Q: Tell us about your journey to Tolar.
A: I’m originally from Fort Pierce, Florida, east of Okeechobee. My family moved to Stephenville in 1998, and my parents bought a Western store there when I was in sixth grade. Jordon and I moved to Chilton, Texas, when we got married in 2010, then to Tolar in 2021.
Q: Have you roped all your life?
A: I got my start with horses from my grandma. She trained hunter jumpers and dressage horses, so horsemanship has always been a part of my life. My mom got into cutting horses, so I rode a few of those. I started roping in fifth grade, so I roped about a year in Florida before we moved to Texas.

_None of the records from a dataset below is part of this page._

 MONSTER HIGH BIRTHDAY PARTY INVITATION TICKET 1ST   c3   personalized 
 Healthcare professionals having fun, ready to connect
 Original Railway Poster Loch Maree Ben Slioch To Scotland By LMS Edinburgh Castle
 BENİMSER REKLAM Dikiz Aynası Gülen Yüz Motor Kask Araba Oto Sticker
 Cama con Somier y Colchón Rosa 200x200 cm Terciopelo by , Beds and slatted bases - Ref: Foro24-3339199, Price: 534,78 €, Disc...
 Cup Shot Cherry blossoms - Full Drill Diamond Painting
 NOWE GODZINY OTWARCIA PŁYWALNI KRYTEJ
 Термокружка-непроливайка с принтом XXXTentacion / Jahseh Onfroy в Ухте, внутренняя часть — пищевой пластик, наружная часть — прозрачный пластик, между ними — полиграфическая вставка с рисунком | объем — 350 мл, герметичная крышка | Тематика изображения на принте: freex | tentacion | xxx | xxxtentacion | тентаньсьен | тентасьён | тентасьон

Q: Ever work any other events in rodeo?
A: I roped calves, headed and heeled at the junior rodeos. Once I got into high school, I just team roped. I heeled a couple times at the College [National] Finals [Rodeo] in 2007 and 2009. (Briggs was a 9 heeler in college). When Jordon and I got together, and I started riding more of the barrel horses. That’s when I switched over to mostly heading.

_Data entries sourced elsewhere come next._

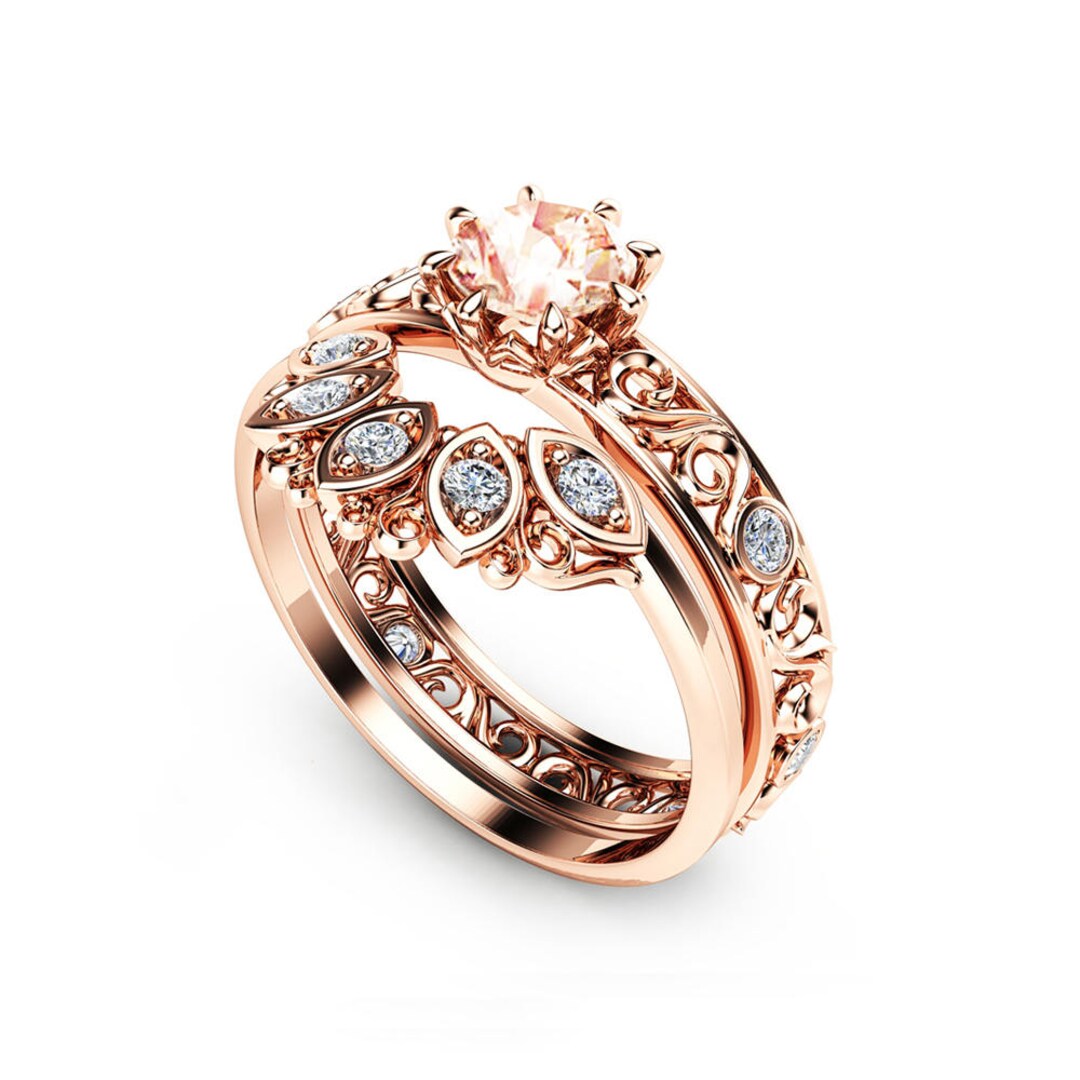 Filigree Design Wedding Ring Set in 14K Rose Gold Unique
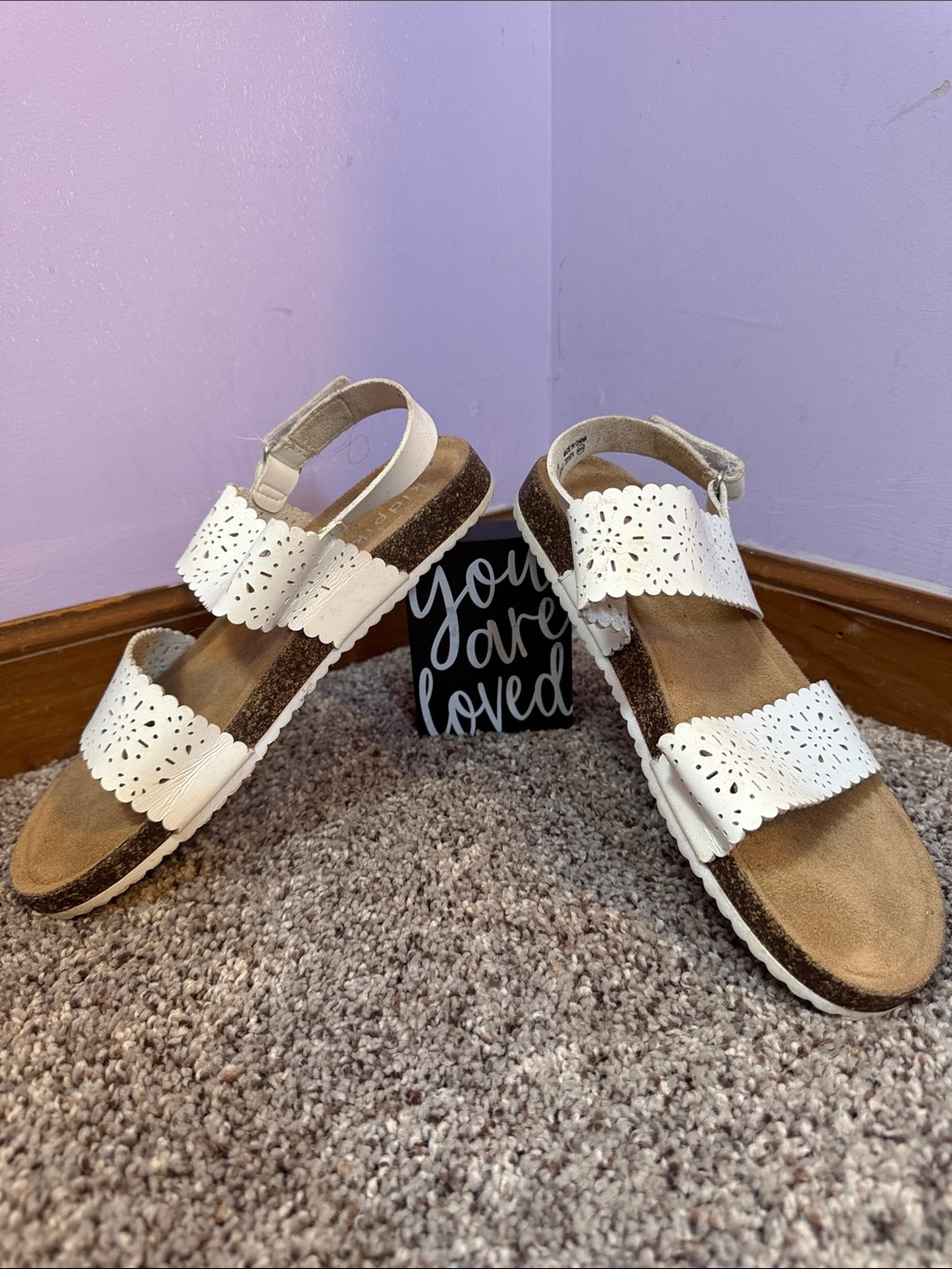 White sandals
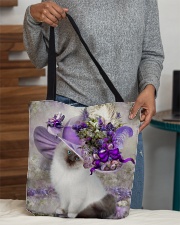 Cat purple tiny flowers cat lover cat moms All-over Tote aos-all-over-tote-lifestyle-front-10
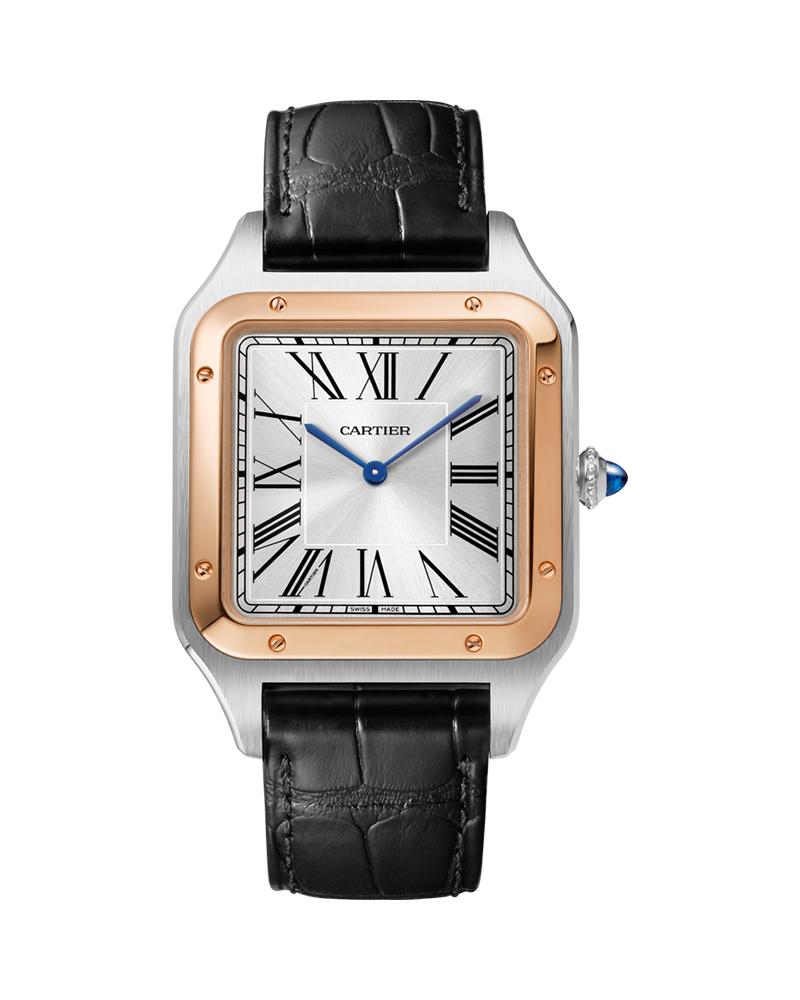 SANTOS DUMONT, EXTRA LARGE, ROSE GOLD AND STEEL, LEATHER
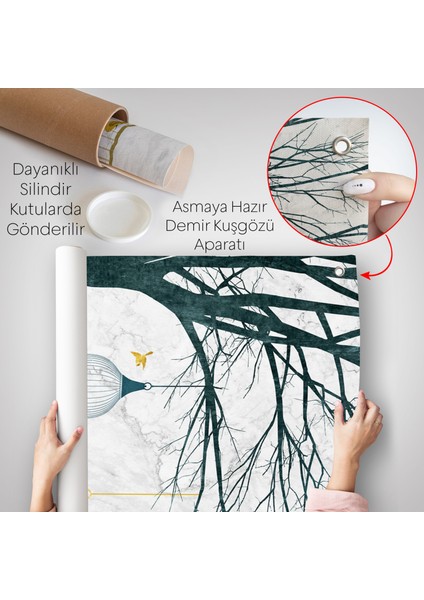 Geyikler ve Kafesteki Kuşlar Duvar ÖRTÜSÜ-7918 indirimleri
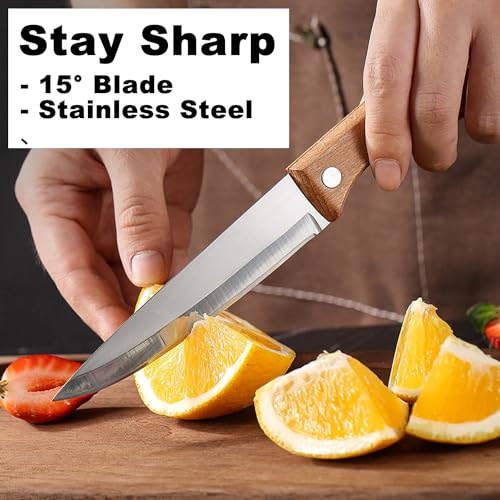 AYANICA 4-Inch Ultra Sharp Paring Knife for Fruits & Vegetables with Wooden Handle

Q: You’re now a 6.5 header and a 7.5 heeler. Do you still head and heel all the time?
A: I’d say I’m more of a header than a heeler now, but every horse we have runs barrels, heads and heels at some level. The barrel horses are better suited conformation-wise for heading. They’re big-framed, head-horse-looking horses, and they’re not big stoppers. We rope on all of them, but our main business is barrel horses.

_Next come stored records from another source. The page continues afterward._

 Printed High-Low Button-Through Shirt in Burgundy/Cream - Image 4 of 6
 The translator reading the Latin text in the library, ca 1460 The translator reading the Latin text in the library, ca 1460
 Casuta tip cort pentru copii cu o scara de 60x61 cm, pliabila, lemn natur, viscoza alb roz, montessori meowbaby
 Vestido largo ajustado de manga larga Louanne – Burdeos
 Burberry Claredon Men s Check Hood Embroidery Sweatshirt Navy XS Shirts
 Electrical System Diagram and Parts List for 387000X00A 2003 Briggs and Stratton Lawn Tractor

Read: Jordon Briggs is the 2021 Women’s Professional Rodeo Association World Champion
Q: I understand Briggs Performance Horses is a two-person show.
A: Yes, we raise two or three a year of our own, and buy some long yearlings. I start all of our colts. I put about 120 days on them, then when they’re safe and ride pretty well, Jordon starts putting a barrel pattern on them and I start roping a sled or lead steer on them. Jordon trains everything on the poles, too. I was a farrier for the public for 15 years. Now I just shoe our own horses. Jordon and I run our business top to bottom. We clean pens and do all the feeding and riding ourselves. We’re not an assembly line. We have two, three, maybe four horses a year to sell, and we only sell horses after their futurity year, when we think they’re ready for somebody.
Q: Horse sales typically fund horse businesses. But the 2021 Barrel Horse of the Year, Famous Lil Jet, who’s best known as “Rollo,” put a hitch in that, huh?
A: Yes, up until 2021 when Jordon decided to go again, her main thing was the barrel futurities. If horses are good enough and have strong arena presence, I also like taking them to the American Rope Horse Futurity Association events. I roped on Rollo at the finals in Fort Worth in 2018, 2019 and 2020. I placed on him in the heading at the futurity in Tulsa over the Fourth of July last year, when Jordon was seasoning him at a few rodeos. We joke about the rule where horses used at the NFR can’t be used anywhere else that week. If not for that, Rollo might have had to do double duty at the [Ariat World Series of Team Roping Finale at the] South Point.
Read: Did You Know? Barrel Horse of the Year is a World-Class Head Horse, Too
Q: Every horse is a year older Jan. 1, and Rollo’s still just 8 years old. Tell us a little about young Rollo.
A: We bought Rollo as a yearling, and I broke him to ride. He was definitely tough, and very strong-willed. For the first 60 days, he dang sure had his own idea on how it was going to go. I’d be riding him in the pasture, and he’d try to run me under a tree. He tried to run me under the top rail in the round pen. Since we got past all that, he’s been point-and-shoot. He’ll lope circles, slide and stop like a reiner now.
Q: How good a rope horse is Rollo?
A: Rollo could go to the NFR in the heading, too. He’s that good. He’s the real deal. He’s just a pretty special horse. He does not flinch in the box. But as soon as I move my hand, he’s gone. I placed on Rollo at the World Series roping in Hamilton last year. I’m not roping on him now, because Jordon’s rodeoing on him, and I don’t want to risk hurting him. We sell horses for a living, and we’ve had offers to buy Rollo. But we decided as a family to keep him. Jordon’s trained a lot of nice horses. She deserves to keep this one. And the good news is, he’s still young enough that I can maybe rope on him when Jordon’s done rodeoing on him.
Q: Barrel horses first, but do you sell a few rope horses, too?
A: A few. One of the rope horses I trained that’s out there right now is Garrett Tonozzi’s roan mare, Disco. When I got her, she was 5 or 6, and had been through some barrel-horse training. I ranched on her, and roped on her for a year. I took her to some amateur rodeos, and headed on her for JD Yates in the #15 at the World Series Finale in December 2015, when Jordon was pregnant with Bexley. We won the consolation roping, and about $10,000. Garrett bought her in January 2016. Jake Cooper has a horse I trained. Most of our horses make barrel horses, but we have a few rope horses out there also.
Q: Do horses that make good barrel horses and rope horses have a lot of similar traits, or no?
A: To be good, they have to have the same foundation. The pocket a horse uses to approach a barrel isn’t much different than the one used running to a steer heading or heeling. They’re different events, but they need the same tools and also to want to do it on their own in both. The good ones frame up on their own, whether they’re running to a barrel or to a steer.
Listen to Jordon Briggs on The Money Barrel Podcast brought to you by BarrelRacing.com
Q: Are there benefits to roping on a barrel horse?
A: Because barrels don’t move, a horse has to gather up and turn at a very precise spot. When you’re heading, you can get one fluid again in that process. Because a steer’s moving, you can play with it a little more. The pattern’s not set in stone, like it is in the barrels. When you rope on horses, their minds are just more ready to go back to barrels.